Of course, those near the border have become accustomed to calculating exchange rates and differences in measurement for decades. It isn’t really that difficult, it is just something of which you have to be aware. I have lived much of my life in border states and have seen quite a few changes over the years. When I was growing up in Montana, crossing the border was no big deal. The driver of a car was asked to show identification at border crossings, but a driver’s license would do and no one felt the need to have a passport to go to and from Canada. In those days the exchange rate was closer to even and we routinely received Canadian currency in change at stores. We didn’t pay much attention to whether we had Canadian or US pennies, nickels, dimes, or quarters. That has all changed. At the restaurant where we ate lunch on Friday, the cashier clearly stated to a Canadian customer that they do not accept Canadian currency. Another change from decades ago is that most credit and debt cards now offer free currency exchange so that they can be used seamlessly regardless of which country you choose to spend money.

The statistics, however, reveal that the pandemic has had a dramatic effect on the area and that things have not returned to normal following the border closings. There are five border crossings between Whatcom County, where we live and Canada. The combined crossings are sometimes collectively referred to as the Cascade Gateway. There are signs and monuments to the open border. In 2023, our five land border crossings were down 25% compared to pre-pandemic times in 2019. Since the currency exchange rate is nearly identical to what it was back in 2019, the statistics show that habits have changed.

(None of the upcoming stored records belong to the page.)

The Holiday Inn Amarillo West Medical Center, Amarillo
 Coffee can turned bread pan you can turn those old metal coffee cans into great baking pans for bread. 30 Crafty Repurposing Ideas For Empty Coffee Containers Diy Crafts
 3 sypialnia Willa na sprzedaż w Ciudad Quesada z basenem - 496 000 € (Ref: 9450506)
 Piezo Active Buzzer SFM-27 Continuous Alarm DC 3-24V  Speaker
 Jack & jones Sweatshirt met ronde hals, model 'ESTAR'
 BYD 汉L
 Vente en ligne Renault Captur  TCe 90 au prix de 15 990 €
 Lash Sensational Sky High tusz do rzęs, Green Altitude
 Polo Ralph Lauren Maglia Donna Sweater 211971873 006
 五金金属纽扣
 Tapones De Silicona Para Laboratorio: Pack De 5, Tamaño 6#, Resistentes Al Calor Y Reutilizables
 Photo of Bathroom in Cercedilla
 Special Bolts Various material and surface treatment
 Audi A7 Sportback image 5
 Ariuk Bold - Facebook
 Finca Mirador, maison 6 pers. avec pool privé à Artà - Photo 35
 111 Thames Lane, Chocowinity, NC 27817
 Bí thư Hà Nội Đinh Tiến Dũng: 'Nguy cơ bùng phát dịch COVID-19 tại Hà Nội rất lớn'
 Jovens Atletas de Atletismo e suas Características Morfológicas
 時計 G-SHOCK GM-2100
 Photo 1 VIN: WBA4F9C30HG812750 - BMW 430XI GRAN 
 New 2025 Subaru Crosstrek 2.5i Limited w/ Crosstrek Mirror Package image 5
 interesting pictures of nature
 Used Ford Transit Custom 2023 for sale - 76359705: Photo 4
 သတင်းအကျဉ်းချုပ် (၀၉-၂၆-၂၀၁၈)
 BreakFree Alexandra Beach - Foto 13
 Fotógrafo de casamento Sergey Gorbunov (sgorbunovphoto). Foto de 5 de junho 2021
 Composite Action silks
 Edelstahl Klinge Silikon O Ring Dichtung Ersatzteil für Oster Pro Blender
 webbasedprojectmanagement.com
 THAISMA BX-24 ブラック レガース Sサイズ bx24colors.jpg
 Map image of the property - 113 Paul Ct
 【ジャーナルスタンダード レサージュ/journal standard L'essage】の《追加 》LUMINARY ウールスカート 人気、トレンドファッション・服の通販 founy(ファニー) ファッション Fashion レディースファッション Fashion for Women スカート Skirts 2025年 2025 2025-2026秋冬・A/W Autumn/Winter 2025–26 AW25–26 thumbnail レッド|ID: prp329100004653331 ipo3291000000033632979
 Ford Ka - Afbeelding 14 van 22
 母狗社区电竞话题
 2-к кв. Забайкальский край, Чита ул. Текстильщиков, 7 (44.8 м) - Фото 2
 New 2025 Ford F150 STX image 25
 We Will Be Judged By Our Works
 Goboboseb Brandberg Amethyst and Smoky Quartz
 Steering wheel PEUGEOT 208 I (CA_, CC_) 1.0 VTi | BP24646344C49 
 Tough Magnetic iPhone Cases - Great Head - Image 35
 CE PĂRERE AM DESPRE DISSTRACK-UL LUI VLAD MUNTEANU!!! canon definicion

There are simply fewer Canadians making day trips across the border to buy cheaper gas, milk, and alcohol. More impactful on our small village is that many beach cottages owned by British Columbians are going on the market, taking advantage of high prices on all housing units. One local marina reports that leases of slips by Canadian customers is down by about 15 percent. That market has recovered significantly from the pandemic days when the marinas were empty, with both Canadian and US boat owners keeping their boats out of the water for extended periods of time.

Many of other pandemic restrictions are fading with the passage of time. Although I remember to carry a face mask with me most of the time, I go many days without ever donning one. There are a few medical facilities that still require all persons to wear masks, but masks are optional at most doctor’s offices these days. We have grown adjusted to seeing people with masks and when we had colds a few months ago we wore masks when we went out in public to avoid sharing them with others. I hope we retain that habit for everyone’s benefit, but I doubt that we will feel the need to carry masks for everyday tasks much longer. Our vaccination records are logged at our doctors’ offices and the State of Washington still has an online record of vaccinations, but we don’t carry our cards with us any more. The last time we received covid vaccine we were told that the pharmacy no longer fills our vaccination cards when administering the shots.

Life goes on, but perhaps where we have arrived is at a new normal and we will never go back to the way things used to be. That would probably be true had there not been a pandemic. Since we moved during the pandemic we never know for sure how much the way things are is how they have long been or are expressions of changes in behavior. For now, we feel fortunate to have a comfortable home in a beautiful location and the option of crossing the border with ease on occasion.